Wagner pointed out that Obama noted the many mosques in America, but did not mention that it is forbidden to build Christian churches in Muslim countries. Obama also said it is important for Western nations not to restrict how Muslim citizens practice their faith, but did not note that the persecution of Christians in Muslim countries has resulted in near extinction of the community in some Muslim countries.
"What bothers me the most is not what he said but what he did not say," said Wagner, the author of the book How Islam Plans to Change the World.
Similarly, Open Doors USA President Dr. Carl Moeller wished Obama had spoken more about the plight of Christians and other minorities in Muslim countries. Moeller said in countries where Islam is the official religion and sharia law is enforced, it is virtually impossible for Christians to practice their faith without persecution.
He also disagreed with Obama praising Saudi King Abdullah for his interfaith efforts, noting Saudi Arabia has the worst religious freedom in the world behind North Korea.
"Saudi Arabia calling on international religious tolerance is a little bit like the wolf calling for a sheep convention," Moeller wrote in his column for The Christian Post.
Yet despite their criticisms, both Moeller and Wagner applauded Obama for striving to improve relations between the United States and the Muslim world.
Other Christian leaders and groups also praised the U.S. president for his historic speech.
The National Council of Churches and a large group of American Christian leaders, including Pastor Joel C. Hunter of Northland Church in Florida and the Rev. Mark S. Hanson, presiding bishop of the Evangelical Lutheran Church in America, commended Obama for addressing the people of the Middle East and challenging all sides to work towards peace in the Holy Land.
Among Muslims, many welcomed the U.S. president's display of respect for Islam in his speech and his commitment to a two-state solution for the Israel-Palestinian conflict.
Dr. M. Zuhdi Jasser, president of the American Islamic Forum for Democracy (AIFD), however, had a different take on the speech. Instead of focusing on the president's praise of Islamic culture, he said he was glad to hear Obama defend the United States against the "stereotype of a self-interested empire."
But besides that slight approval, Jasser found many faults with the speech. He criticized Obama for giving "naive lip service" to Al Azhar University, the co-sponsor of the speech, which Jasser says has disseminated sharia laws that are "truly anathema" to the human rights ideas the U.S. president is trying to lift up in his speech.

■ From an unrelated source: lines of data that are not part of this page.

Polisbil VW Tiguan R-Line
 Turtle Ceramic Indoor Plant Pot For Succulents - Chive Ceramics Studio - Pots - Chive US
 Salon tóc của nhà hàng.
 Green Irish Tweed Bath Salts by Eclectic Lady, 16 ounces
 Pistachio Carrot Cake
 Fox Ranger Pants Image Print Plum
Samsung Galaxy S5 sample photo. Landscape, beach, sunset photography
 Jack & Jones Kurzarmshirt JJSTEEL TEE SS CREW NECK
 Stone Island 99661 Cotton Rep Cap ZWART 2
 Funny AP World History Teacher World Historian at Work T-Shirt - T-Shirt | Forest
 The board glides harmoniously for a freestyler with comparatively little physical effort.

He was also disappointed by Obama's failure to address the "global dangers" of political Islam driven by extremists groups such as the Muslim Brotherhood, of which many has received guidance from Al Azhar University.
"If he felt comfortable enough to cite the Koran, then he should have also felt comfortable and clear enough to cite the problems with Islamist ideologies," said Jasser, who is a devout Muslim American. "The ideological theocratic threat will never go away until it is confronted head on."
The former U.S. Navy Lieutenant Commander emphasized that Obama should have made stronger statements regarding the U.S. conflict with political Islam, which is a global security risk.
"To speak in Egypt and avoid the topic of political Islam, radical Islamism, and the Muslim Brotherhood was like visiting Moscow in the height of the Cold War and avoiding any mention of the inhumanities of communism and its incompatibility with liberty," Jasser said.
At the end of his long, mostly critical opinion piece, Jasser applauded the president for "moving forward" and "rebooting" the relationship with Muslims around the world.
"But engagement done in vagaries with the core issues of ideological conflict entirely ignored will ultimately cause more harm than good," the Muslim American warned.
He calls on President Obama to stand with Muslims around the world who want to challenge Muslim or Arab fascism and theocracy.